Now imagine doing this for every tile on Google's map in the United States and 30 other countries over the last four years. Every roundabout perfectly circular, every intersection with the correct logic. Every new development. Every one-way street. This is a task of a nearly unimaginable scale. This is not something you can put together with a few dozen smart engineers.
I came away convinced that the geographic data Google has assembled is not likely to be matched by any other company. The secret to this success isn't, as you might expect, Google's facility with data, but rather its willingness to commit humans to combining and cleaning data about the physical world. Google's map offerings build in the human intelligence on the front end, and that's what allows its computers to tell you the best route from San Francisco to Boston.
It's probably better not to think of Google Maps as a thing like a paper map. Geographic information systems represent a jump from paper maps like the abacus to the computer. "I honestly think we're seeing a more profound change, for map-making, than the switch from manuscript to print in the Renaissance," University of London cartographic historian Jerry Brotton told the Sydney Morning Herald. "That was huge. But this is bigger."

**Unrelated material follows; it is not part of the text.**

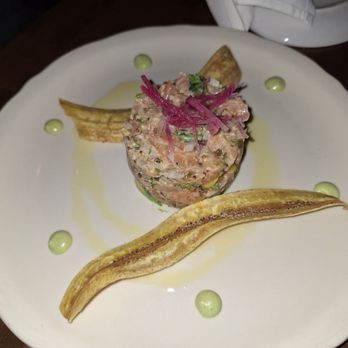 Pacífico - Salmon tartar with avocado and mango - Latin American Near Me - New Haven, Connecticut Pacífico - Salmon tartar with avocado and mango - Latin American Near Me - New Haven, Connecticut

The maps we used to keep folded in our glove compartments were a collection of lines and shapes that we overlaid with human intelligence. Now, as we've seen, a map is a collection of lines and shapes with Nick Volmar's (and hundreds of others') intelligence encoded within.
It's common when we discuss the future of maps to reference the Borgesian dream of a 1:1 map of the entire world. It seems like a ridiculous notion that we would need a complete representation of the world when we already have the world itself. But to take scholar Nathan Jurgenson's conception of augmented reality seriously, we would have to believe that every physical space is, in his words, "interpenetrated" with information. All physical spaces already are also informational spaces. We humans all hold a Borgesian map in our heads of the places we know and we use it to navigate and compute physical space. Google's strategy is to bring all our mental maps together and process them into accessible, useful forms.

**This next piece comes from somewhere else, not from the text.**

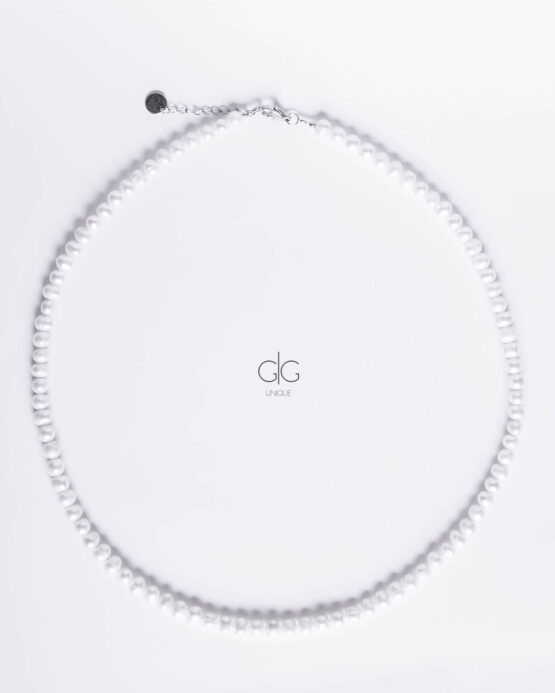 Trendy unisex pearls necklace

Their MapMaker product makes that ambition clear. Project managed by Gupta during his time in India, it's the "bottom up" version of Ground Truth. It's a publicly accessible way to edit Google Maps by adding landmarks and data about your piece of the world. It's a way of sucking data out of human brains and onto the Internet. And it's a lot like Google's open competitor, Open Street Map, which has proven that it, too, can harness the crowd's intelligence.
As we slip and slide into a world where our augmented reality is increasingly visible to us off and online, Google's geographic data may become its most valuable asset. Not solely because of this data alone, but because location data makes everything else Google does and knows more valuable.

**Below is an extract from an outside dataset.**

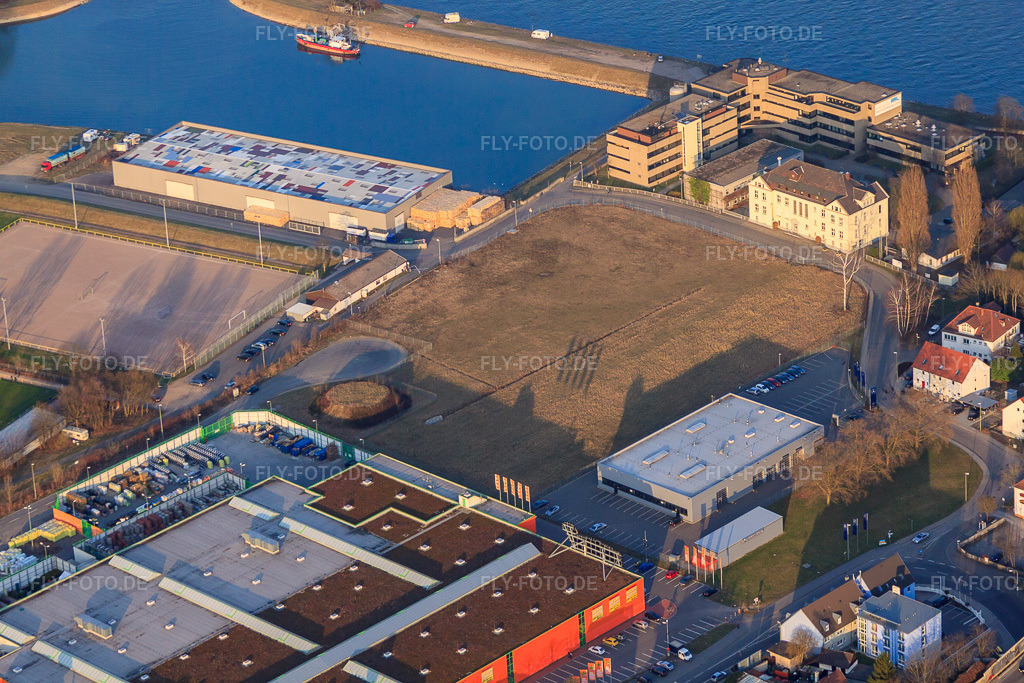 Luftbild: DLW-Straße im Ortsteil Maximiliansau in Wörth im Bundesland Rheinland-Pfalz in Deutschland. Foto: IMG_48979.jpg vom 16.03.2012 durch Werner Riehm/FLY-FOTO.de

Or as my friend and sci-fi novelist Robin Sloan put it to me, "I maintain that this is Google's core asset. In 50 years, Google will be the self-driving car company (powered by this deep map of the world) and, oh, P.S. they still have a search engine somewhere."
Of course, they will always need one more piece of geographic information to make all this effort worthwhile: You. Where you are, that is. Your location is the current that makes Google's giant geodata machine run. They've built this whole playground as an elaborate lure for you. As good and smart and useful as it is, good luck resisting taking the bait.
* Due to a transcription error, an earlier version of this story stated that Google published 20PB of imagery data every two weeks.